VACATED AND REMANDED.
Before PLAGER, LOURIE, and SCHALL, Circuit Judges.
PLAGER, Circuit Judge.
Robert K. Wolthuis, Ph.D appeals pro se the decision of the Merit Systems Protection Board (Board),1 sustaining the Office of Personnel Management's (OPM) reconsideration decision. In its decision, OPM denied Dr. Wolthuis' request for an increased payment of the lump-sum benefit portion of his alternative form of annuity under the Civil Service Retirement System (CSRS). We conclude that, although Dr. Wolthuis is not entitled to all he asks, he is entitled to more than OPM offers; we vacate the decision of the Board which affirmed OPM, and remand for further proceedings consistent with this opinion.
BACKGROUND
Dr. Wolthuis was involuntarily terminated, effective on February 5, 1993, from his Senior Executive Service (SES) position as Deputy Assistant Secretary of Defense.2 He had over 29 years of service in various positions within the executive and legislative branches. In response to Dr. Wolthuis' application for retirement benefits, OPM advised Dr. Wolthuis that, since he had been involuntarily separated as a "noncareer appointee in the Senior Executive Service," the statute made him ineligible to elect the alternative form of annuity (i.e., one with a lump-sum benefit in addition to the monthly annuity) provided in 5 U.S.C. Sec. 8343a. See 5 U.S.C. Sec. 8343a(f)(2)(A)(v) (Supp. II 1990). Accordingly, effective February 6, 1993, Dr. Wolthuis began receiving an annuity, without any lump-sum benefit, in the amount of $4,8803 per month.
Not long after, Dr. Wolthuis accepted a legislative branch position on the staff of Senator Robert F. Bennett. The appointment was effective June 16, 1993. Since he was once again in the employ of the government, his annuity payments, which totalled $21,181 between February 6, 1993 and June 15, 1993, were discontinued by operation of law. 5 U.S.C. Sec. 8344(b) (1988). On July 15, 1993, Dr. Wolthuis was involuntarily terminated from this new position, but since this position was not one of those statutorily excepted from entitlement to the alternative annuity, he was now eligible for, and elected to receive, a retirement annuity including the lump-sum benefit.
The relevant OPM office determined that Dr. Wolthuis was entitled to a lump-sum benefit of $76,773; this amount represented Dr. Wolthuis' computed lump-sum credit of $97,954, see 5 U.S.C. 8331(8) (1988), reduced by the $21,181 that Dr. Wolthuis had received as annuity payments between February 6, 1993 and June 15, 1993. Dr. Wolthuis challenged this calculation, arguing that he was entitled to the full $97,954 as a lump-sum benefit portion. He requested further review by OPM.

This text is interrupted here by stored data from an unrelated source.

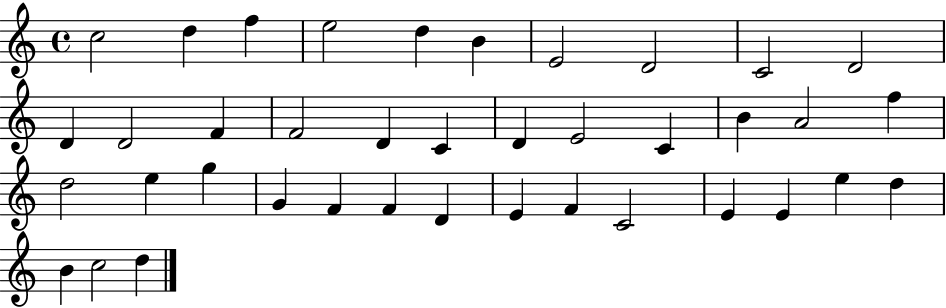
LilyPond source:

{
  \clef treble
  \time 4/4
  \defaultTimeSignature
  \key c \major
  c''2 d''4 f''4 | e''2 d''4 b'4 | e'2 d'2 | c'2 d'2 | \break d'4 d'2 f'4 | f'2 d'4 c'4 | d'4 e'2 c'4 | b'4 a'2 f''4 | \break d''2 e''4 g''4 | g'4 f'4 f'4 d'4 | e'4 f'4 c'2 | e'4 e'4 e''4 d''4 | \break b'4 c''2 d''4 | \bar "|."
}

In its initial decision dated October 21, 1993, OPM responded:
You stated that you believed you were entitled the entire amount of your contributions ($97,954.16), so we forwarded your claim to our retirement policy office for a review of our application of the law in arriving at the amount of AA lump sum payment. We have now received their decision, and they also conclude that your lump sum credit, as of the date of your separation from employment with the United States Senate was correctly determined as $76,772.83. Therefore, we must deny your request for payment of the $21,181.33 you received during your previous retirement as part of the AA lump sum payment.

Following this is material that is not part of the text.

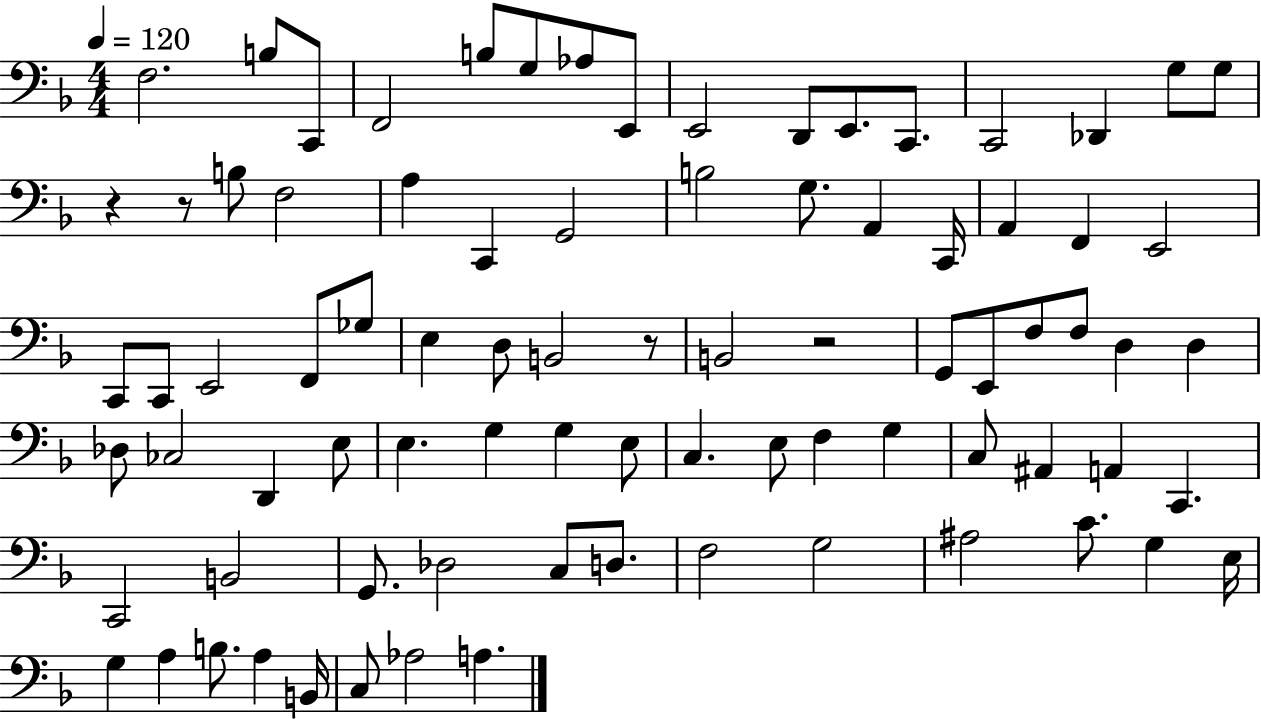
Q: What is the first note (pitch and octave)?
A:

The basis for the determination by the policy office is not specifically explicit in law and derives primarily from OPM's ability to regulate and legislative intent.
On December 17, 1993, OPM in its requested reconsideration decision affirmed its initial decision.4
Dr. Wolthuis then appealed to the Board. In an initial decision dated April 21, 1994, the AJ sustained OPM's reconsideration decision. The AJ agreed with OPM that the statutes did not address the question raised by Dr. Wolthuis' case:
[H]is ability to retire twice, and become eligible for an alternative form of annuity with lump-sum benefit upon his second retirement, although he was unable to do so upon his first, was not a circumstance anticipated by Congress.

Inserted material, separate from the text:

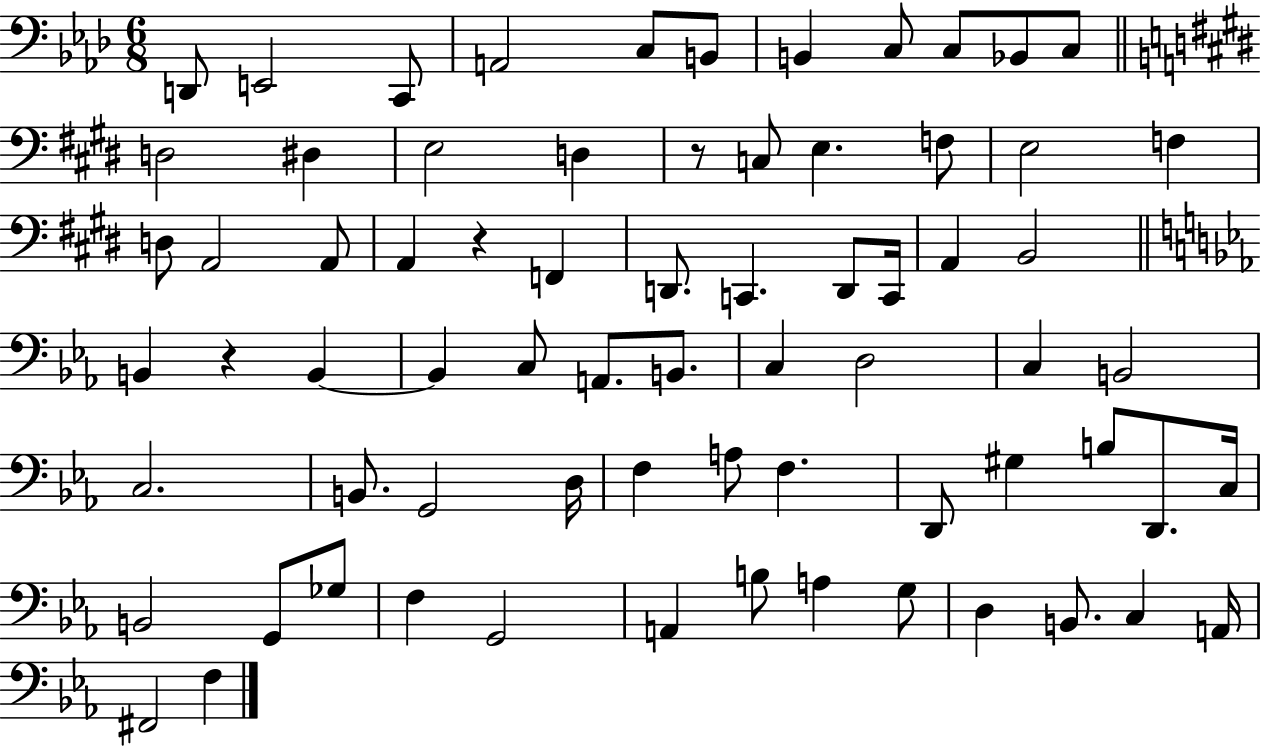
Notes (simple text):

The AJ sought the answer by examining Congress' treatment of situations thought to be analogous--the case of an annuitant who is reemployed and who consents to having additional retirement fund deductions made during the period of reemployment; and the case of a beneficiary of a deceased annuitant. The AJ explained:
Congress has expressly provided that where a reemployed annuitant consents to the withholding of fund deductions from his pay during the reemployment period, "his lump-sum credit may not be reduced by annuity paid during that [re]employment." 5 U.S.C. Sec. 8344(a)(4)(B). OPM argues, and I agree, that the only reason for this statutory prohibition against such a reduction, is a recognition by Congress that an annuitant's lump-sum credit ordinarily is reduced by the amount of his annuity payments.
Additionally, with regard to payment of lump-sum benefits to a designated beneficiary, based upon the termination of annuity rights following an annuitant's death, OPM may pay only the balance of the original lump-sum credit, minus the total annuity paid to the annuitant before his death. 5 U.S.C. Sec. 8342(e).
Accordingly, the AJ concluded that OPM must similarly reduce Dr. Wolthuis' lump-sum credit by the $21,181 in annuity payments made to him between February 6, 1993 and June 15, 1993, and therefore denied his petition for an increased lump-sum benefit portion. As noted, this decision became final on August 4, 1994 when the Board denied Dr. Wolthuis' petition for review. This appeal followed.
DISCUSSION
On appeal, our task is to determine whether the Board's decision is:
(1) arbitrary, capricious, an abuse of discretion, or otherwise not in accordance with law;
(2) obtained without procedures required by law, rule, or regulation having been followed; or
(3) unsupported by substantial evidence.
5 U.S.C. Sec. 7703(c) (1988); see Cheeseman v. OPM, 791 F.2d 138 (Fed.Cir.1986), cert. denied, 479 U.S. 1037 (1987). Since neither fact nor procedure is at issue, the sole issue is whether the decision of the Board is in accordance with law.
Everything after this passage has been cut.